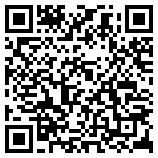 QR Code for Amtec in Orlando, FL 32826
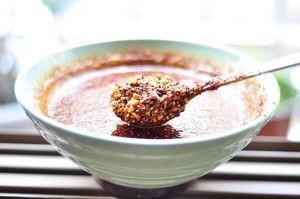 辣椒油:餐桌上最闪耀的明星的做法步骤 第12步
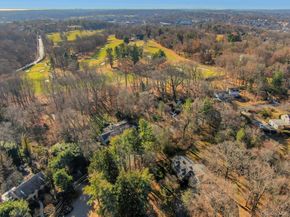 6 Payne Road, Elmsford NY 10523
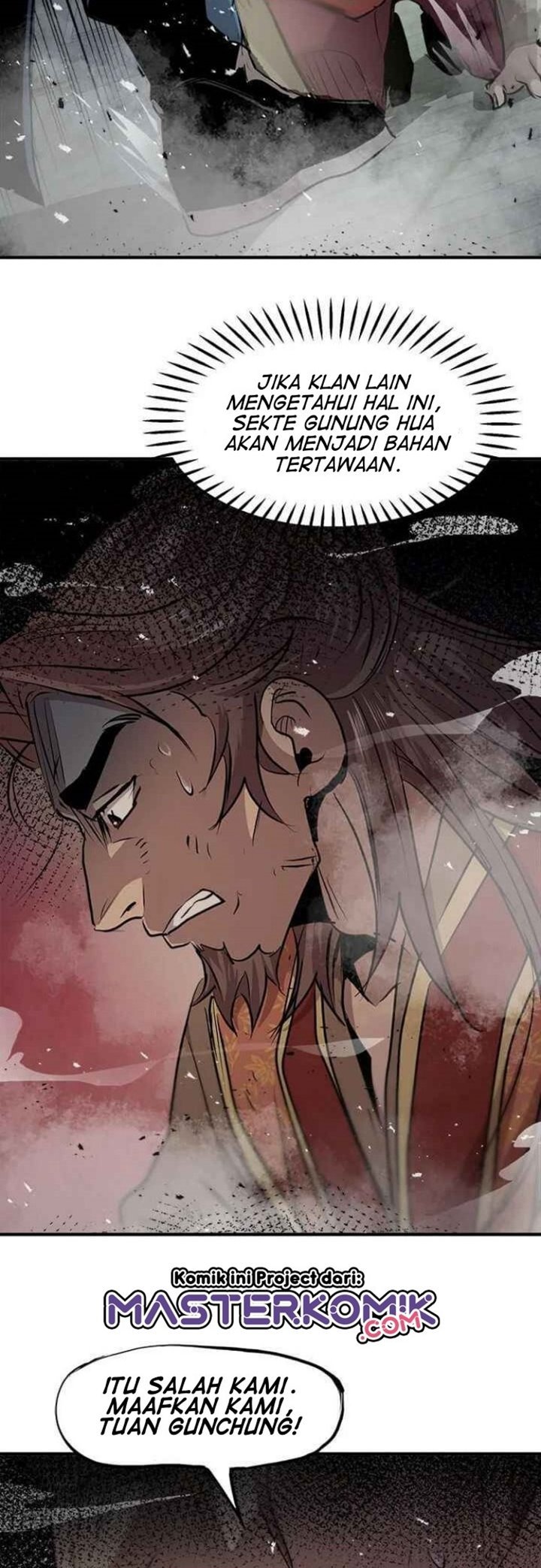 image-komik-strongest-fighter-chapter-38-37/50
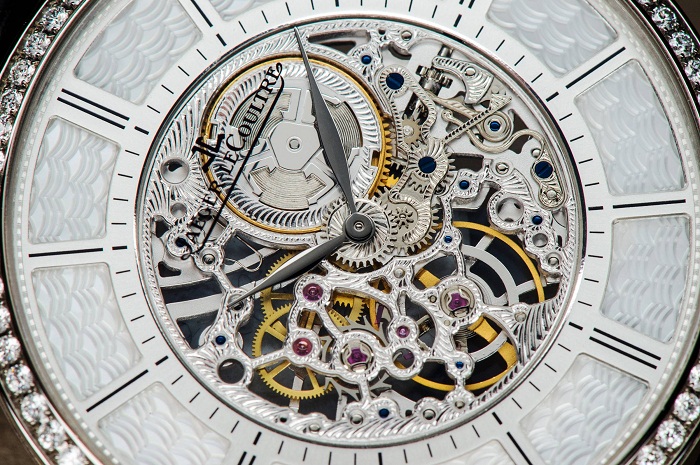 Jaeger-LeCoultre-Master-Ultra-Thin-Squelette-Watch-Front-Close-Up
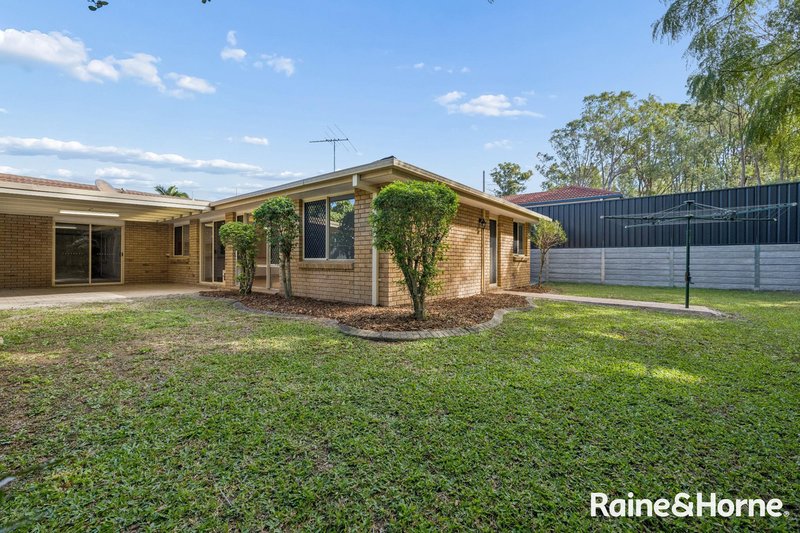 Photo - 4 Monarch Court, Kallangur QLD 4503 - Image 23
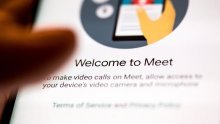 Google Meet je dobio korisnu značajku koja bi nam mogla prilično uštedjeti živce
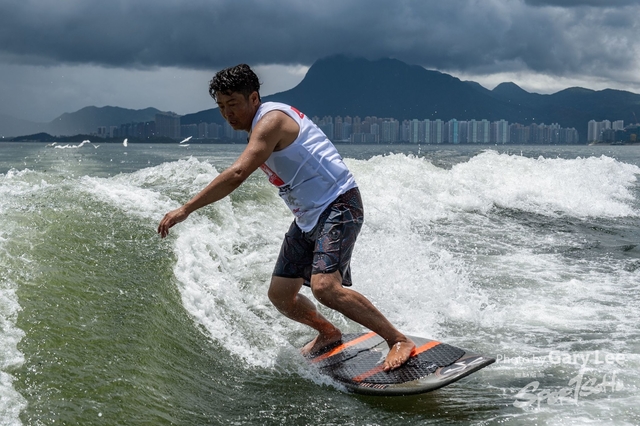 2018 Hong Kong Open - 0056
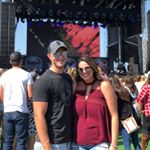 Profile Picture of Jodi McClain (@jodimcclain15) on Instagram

------------------------------------------------

Exercise directions: Print the entries as they stand, first line through the line holding "2018 Hong Kong Open - 0056", with every picture removed.

Solution for this problem:
 QR Code for Amtec in Orlando, FL 32826
 辣椒油:餐桌上最闪耀的明星的做法步骤 第12步
 6 Payne Road, Elmsford NY 10523
 image-komik-strongest-fighter-chapter-38-37/50
 Jaeger-LeCoultre-Master-Ultra-Thin-Squelette-Watch-Front-Close-Up
 Photo - 4 Monarch Court, Kallangur QLD 4503 - Image 23
 Google Meet je dobio korisnu značajku koja bi nam mogla prilično uštedjeti živce
 2018 Hong Kong Open - 0056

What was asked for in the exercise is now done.